Among the lines below, output only those between the line holding "DAVENPORT, Florida 33837, 5" and the line holding "Grand Bend House", inclusive, exactly as written and with no pictures.

━━ Listed entries ━━

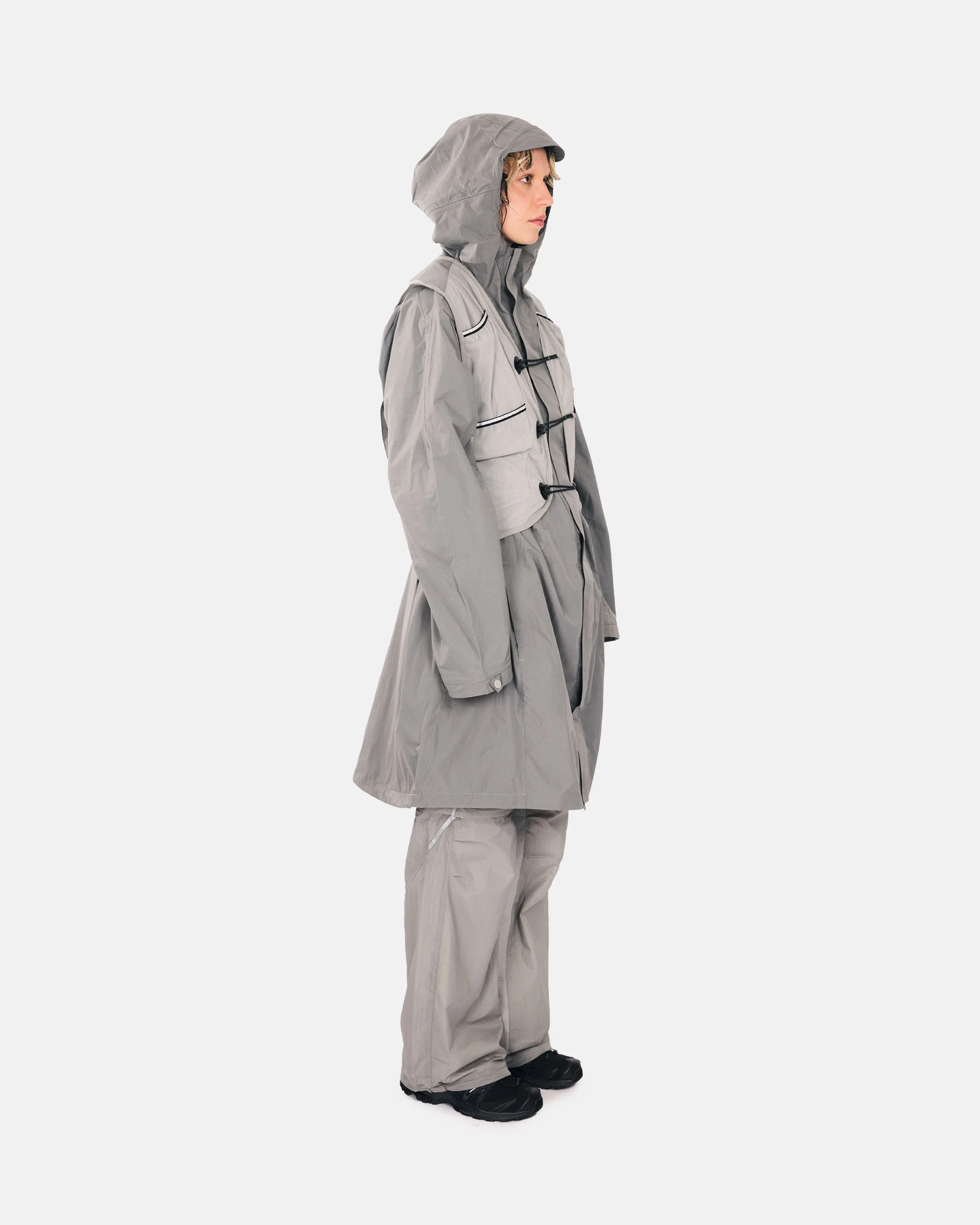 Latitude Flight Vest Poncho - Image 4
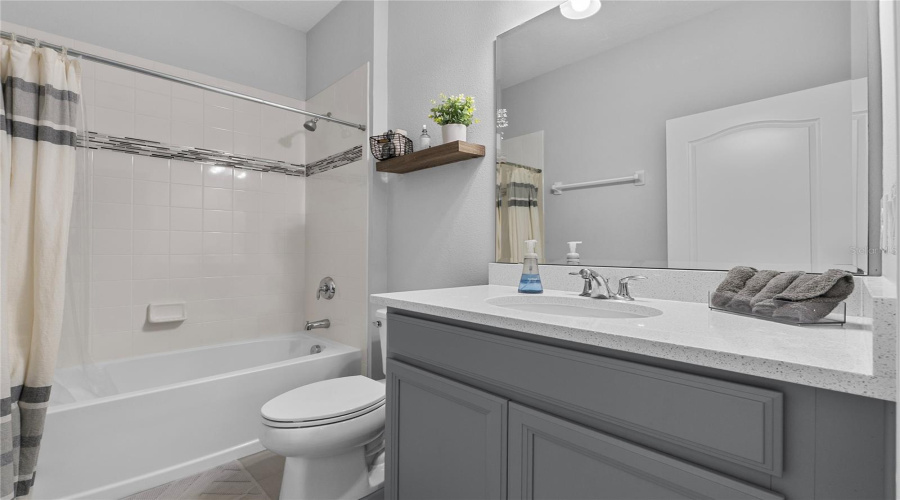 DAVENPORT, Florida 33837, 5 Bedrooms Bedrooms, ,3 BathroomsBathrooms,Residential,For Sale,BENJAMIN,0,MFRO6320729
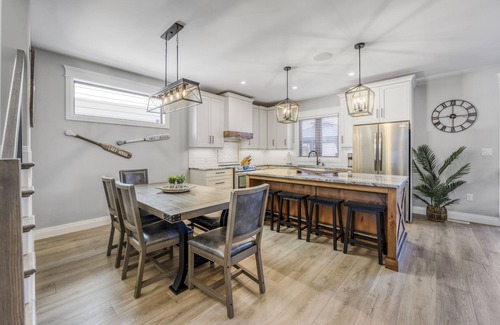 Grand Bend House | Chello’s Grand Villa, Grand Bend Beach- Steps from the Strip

━━━
━━ Listed entries ━━

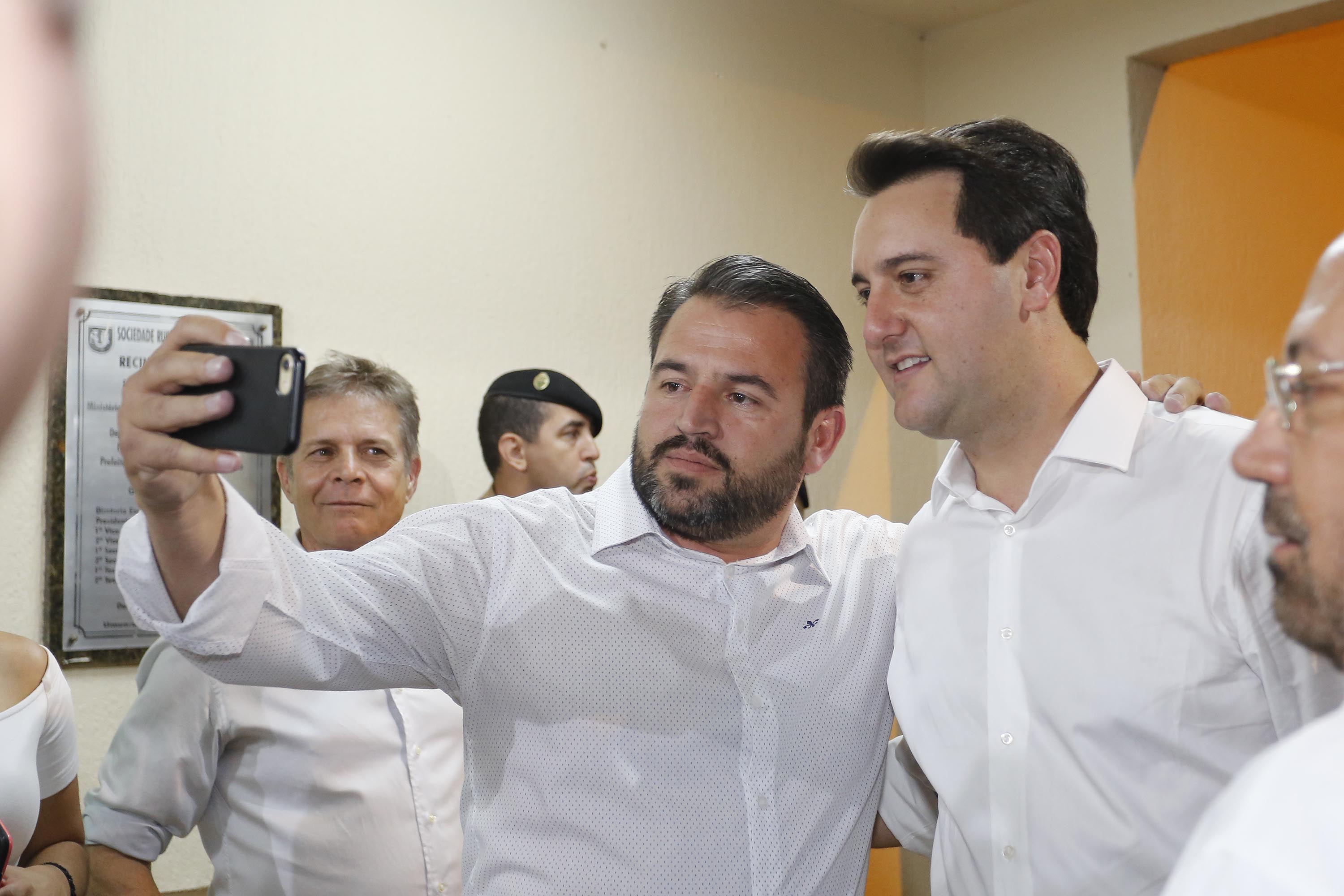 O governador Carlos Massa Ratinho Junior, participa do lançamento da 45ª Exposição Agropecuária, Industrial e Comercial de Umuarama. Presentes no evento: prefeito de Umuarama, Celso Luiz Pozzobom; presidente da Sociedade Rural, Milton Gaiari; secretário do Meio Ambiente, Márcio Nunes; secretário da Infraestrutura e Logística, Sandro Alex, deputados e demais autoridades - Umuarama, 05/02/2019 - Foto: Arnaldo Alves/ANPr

━━━

● Response:
 DAVENPORT, Florida 33837, 5 Bedrooms Bedrooms, ,3 BathroomsBathrooms,Residential,For Sale,BENJAMIN,0,MFRO6320729
 Grand Bend House | Chello’s Grand Villa, Grand Bend Beach- Steps from the Strip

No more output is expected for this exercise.